I have many files to be read and then put the results in ONE Output file... The output file should have this line as first line:
Erg1 Erg2 Erg3 Erg4 Erg5

The results will be arranged below this line like this:

Erg1 Erg2 Erg3 Erg4 Erg5
12 15 20 17 11
22 55 32 11 12
10 25 85 45 23

If my script has:

BEGIN {print "Erg1 Erg2 Erg3 Erg4 Erg5"}

it will print the line (Erg1 Erg2 Erg3 Erg4 Erg5) each time I read an input file... and I'll get an output like this:

Erg1 Erg2 Erg3 Erg4 Erg5
12 15 20 17 11
Erg1 Erg2 Erg3 Erg4 Erg5
22 55 32 11 12
Erg1 Erg2 Erg3 Erg4 Erg5
10 25 85 45 23


How can I prevent the printing of the first line if it exists before in the output file??

I wish it's clear :)

 
have a look in this forum. there is nearly almost the same question asked and answered before.

but ...

why not always write to your destination file without headers and adding the header after last input file is finished?
 
abdu22, none of the versions of awk I have seem to do that?
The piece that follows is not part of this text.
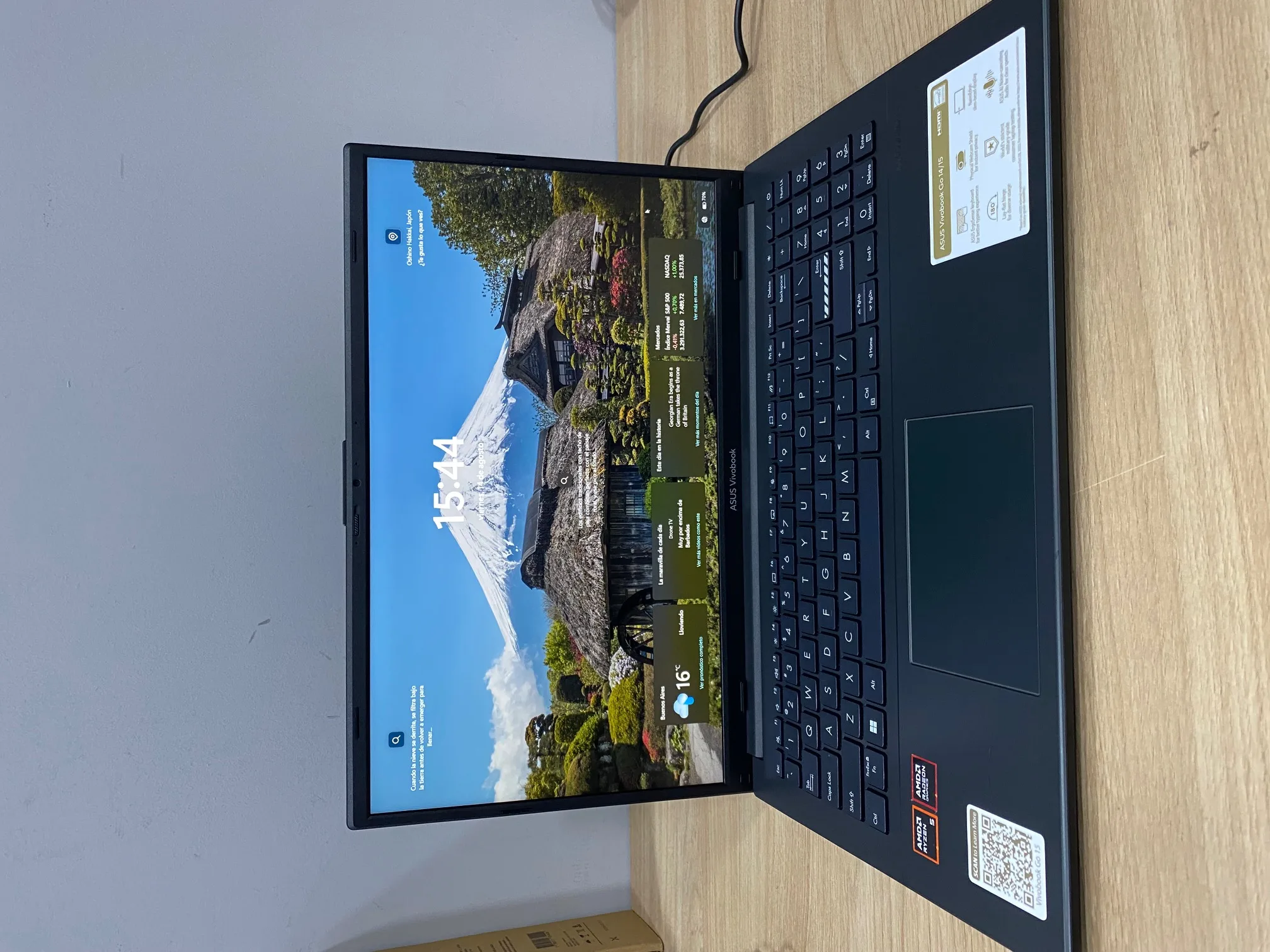 Notebook Asus E1504F 15.6
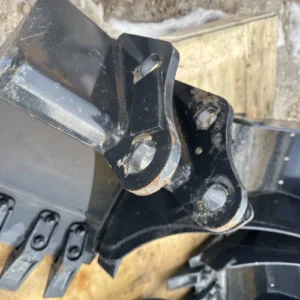 Bobcat Mini Excavator Tooth Bucket 16 Inch 6715497 30 Mm Pin New — photo 9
How are you running awk, can you show us the scripting that surrounds it?

[tt]$ cat file1
+000000002746.26
+000000000117.1
+000000001105
13
$ cat file2
+000000002746.26
+000000000117.10
+000000001105.00
14
$ awk 'BEGIN {print "header"} {print}' file*
header
+000000002746.26
+000000000117.1
+000000001105
13
+000000002746.26
+000000000117.10
+000000001105.00
14
$[/tt]

Annihilannic.
 
mberni & Annihilannic : Thanks for your answers...
Suppose I have three files as follows:

(XXX10IPo)

Erg1 12
Erg2 15
Erg3 20
Erg4 17
Erg5 11

(XXX20IPo)

Erg1 22
Erg2 55
Erg3 32
Erg4 11
Erg5 12

(XXX01CPo)

Erg1 10
Erg2 25
Erg3 85
Erg4 45
Erg5 23

And the srcipt:

(Script.awk)

{if ($1=="Erg1") Res1=$2;
if ($1=="Erg2") Res2=$2;
if ($1=="Erg3") Res3=$2;
if ($1=="Erg4") Res4=$2;
if ($1=="Erg5") Res5=$2;
}
END{
printf ("%3d %3d %3d %3d %3d\n", Res1, Res2, Res3, Res4, Res5)
}


$ awk -f Script.awk XXX10IPo
12 15 20 17 11
$ awk -f Script.awk XXX20IPo
22 55 32 11 12
$ awk -f Script.awk XXX01CPo
10 25 85 45 23

What I am doing now: I create an output file (OUTPUT) with the line:
Erg1 Erg2 Erg3 Erg4 Erg5

as first line and then run the script:

$ awk -f Script.awk XXX10IPo >> OUTPUT
$ awk -f Script.awk XXX20IPo >> OUTPUT
$ awk -f Script.awk XXX01CPo >> OUTPUT

$ cat OUTPUT
Erg1 Erg2 Erg3 Erg4 Erg5
12 15 20 17 11
22 55 32 11 12
10 25 85 45 23


if I put BEGIN {print "Erg1 Erg2 Erg3 Erg4 Erg5"} in my script it will print this line each time I run the script... I want that the script contains the BEGIN statement and to print the line ONLY IF the line (Erg1 Erg2 Erg3 Erg4 Erg5) doesn't exist in the OUTPUT file...

is it possible?

Thanks
 
How about this:

Code:
awk '
BEGIN { print "Erg1 Erg2 Erg3 Erg4 Erg5" }
{ Ergs[$1]=$2 }
/Erg5/ {
        for (i=1; i<=5; i++) {
                printf "%-5d",Ergs["Erg" i]
        }
        print ""
}' XXX*

It processes all the files in one go, presuming that each of them will contain Erg1 through Erg5, and when it hits Erg5 it outputs all 5 of them.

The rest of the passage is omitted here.